The result of this bizarre list of musical ingredients inexplicably creates a genre-defying dish that is more ­De-Loused in the Comatorium than Harmony; more Return to Cookie Mountain meets Ismaël

Lô than Jolene meets Ropin’ the Wind. Bholoja calls it Swazi soul. His Zambian-born guitarist, Paul Banda, was easily the best I saw on the entire trip.

The delights went on. Each member of Jo’burg-spawned group the Brother Moves On wore skintight, sparkly gold Lycra and offered psychedelic Afro-punk that will have had the ancestors grooving in their graves.
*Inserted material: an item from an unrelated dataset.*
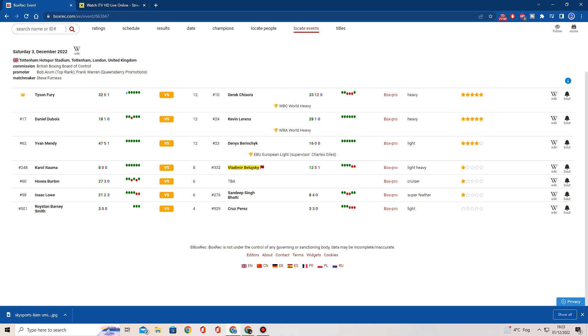So this is a quick preview for the Tyson Fury vs Derek Chisora Trilogy card, which goes down this weekend. It takes place at the Tottenham Hotspur Stadium in London, will be televised in the UK on BT Sports Box Office, aka Pay-Per-View. And in the USA, I'm assuming this fight is going to be on ESPN. Now, is this card Pay-Per-View worthy from what I'm seeing? No. Is the main event Pay-Per-View worthy? No. And to top it all off, I believe this is actually the most expensive Pay-Per-View in British Boxing history. It's really, really poor. Let's be real here.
Mi Casa’s Latin-infused kwaito-jazz was eagerly received, and Napalma, who had made the same trip from Azgo to Bushfire as we had, powered through a fiercely energetic set that left a tangible static voltage hanging in the air.

The unlikely sound of Sakaki Mango and the Limba Train — husky Japanese lyrics over African rhythms — washed over a lazy Sunday-afternoon crowd, the sickly-sweet smell of Swaziland’s major export crop also hanging on the breeze. LIT and Claiming Ground, another Swazi act, closed the festival with a bubbly hip-hop show and everyone went home suitably bushed.

It is hard to find any fault with Bushfire. Most of the organisers work for free. All of the festival profits are donated to the Young Heroes orphan sponsorship programme, and all the revenue from festival merchandising is donated to the Gone Rural BoMake community development programme.

The festival attracted visitors from 107 countries, but it still had a distinctly local flavour. There were workshops and a market, and Bushfire created direct employment for about 1 000 locals. There were free sponsored Bushfire-brand condoms everywhere.

We left the morning after the festival for the relative banality of suburban Kenilworth, drawing an end to what was a crazy journey.

What did I learn on my travels? Never wink at a Zimbabwean policeman and the price of unknown brands of whisky moves in inverse proportion to the severity of the hangover you are left with the morning after.

Most importantly, Southern African music and arts festivals are in robust shape, against the odds.